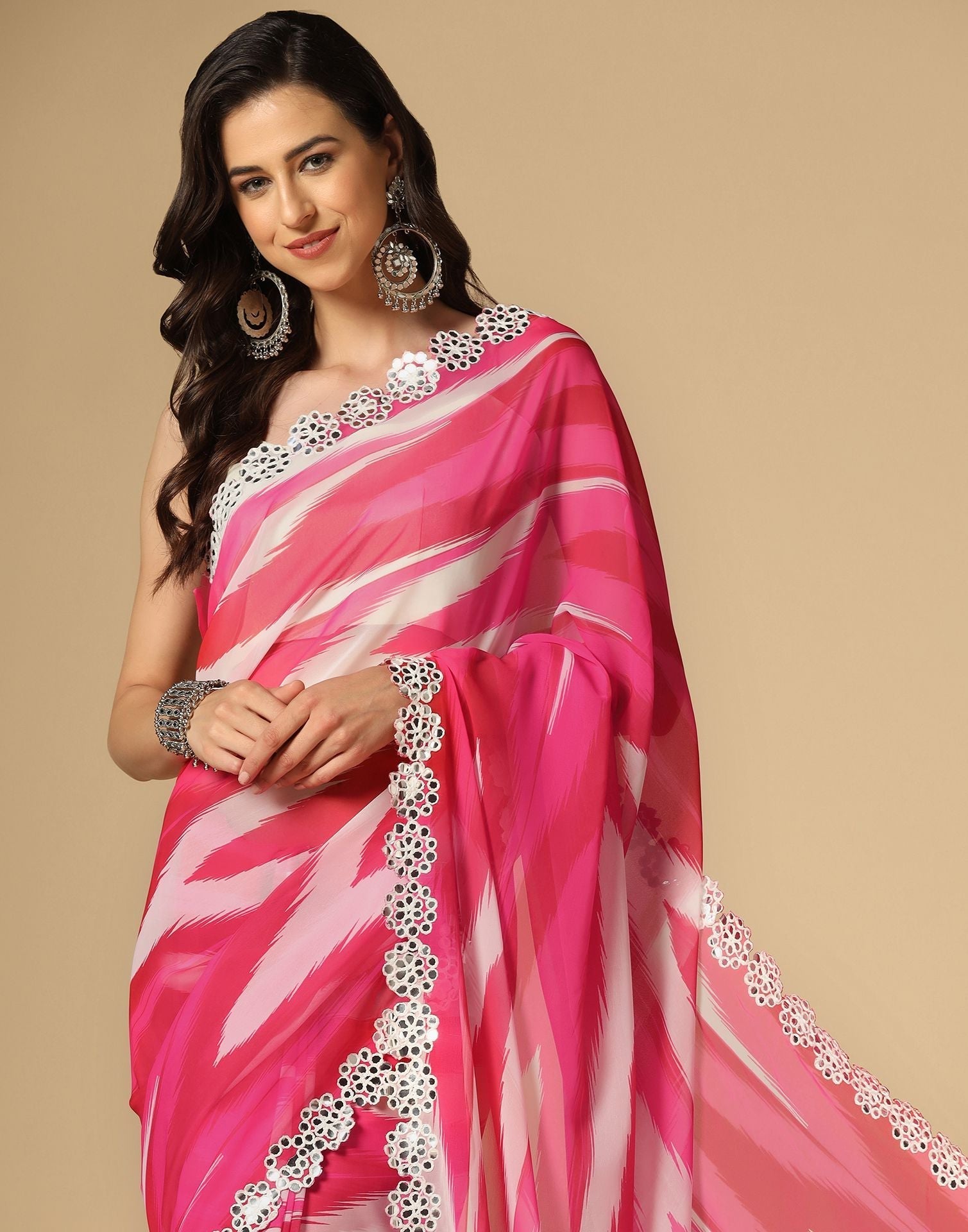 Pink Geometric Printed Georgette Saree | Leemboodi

==

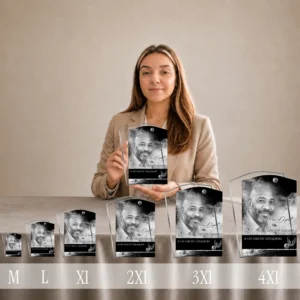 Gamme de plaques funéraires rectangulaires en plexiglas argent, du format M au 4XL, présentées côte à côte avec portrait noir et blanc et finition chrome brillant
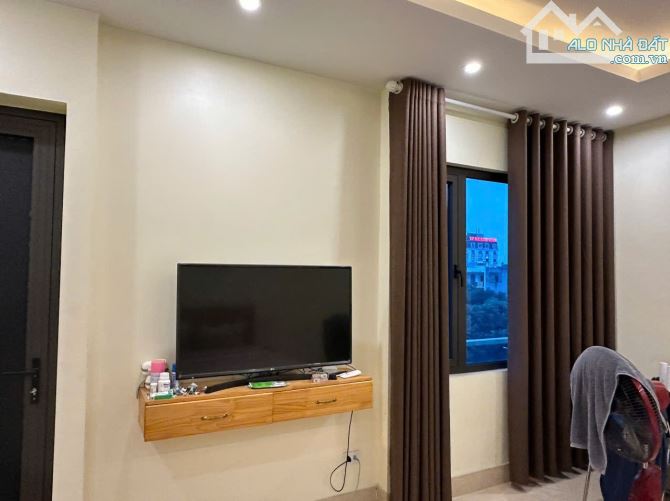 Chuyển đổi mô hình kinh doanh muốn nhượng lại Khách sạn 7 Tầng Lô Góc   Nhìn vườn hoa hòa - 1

### WHAT THIS TASK INVOLVES:
Give back exactly the lines above from the one with "Gamme de plaques" through the one with "Chuyển đổi mô", both included. Pictures don't belong in the copy.

### RESULT:
 Gamme de plaques funéraires rectangulaires en plexiglas argent, du format M au 4XL, présentées côte à côte avec portrait noir et blanc et finition chrome brillant
 Chuyển đổi mô hình kinh doanh muốn nhượng lại Khách sạn 7 Tầng Lô Góc   Nhìn vườn hoa hòa - 1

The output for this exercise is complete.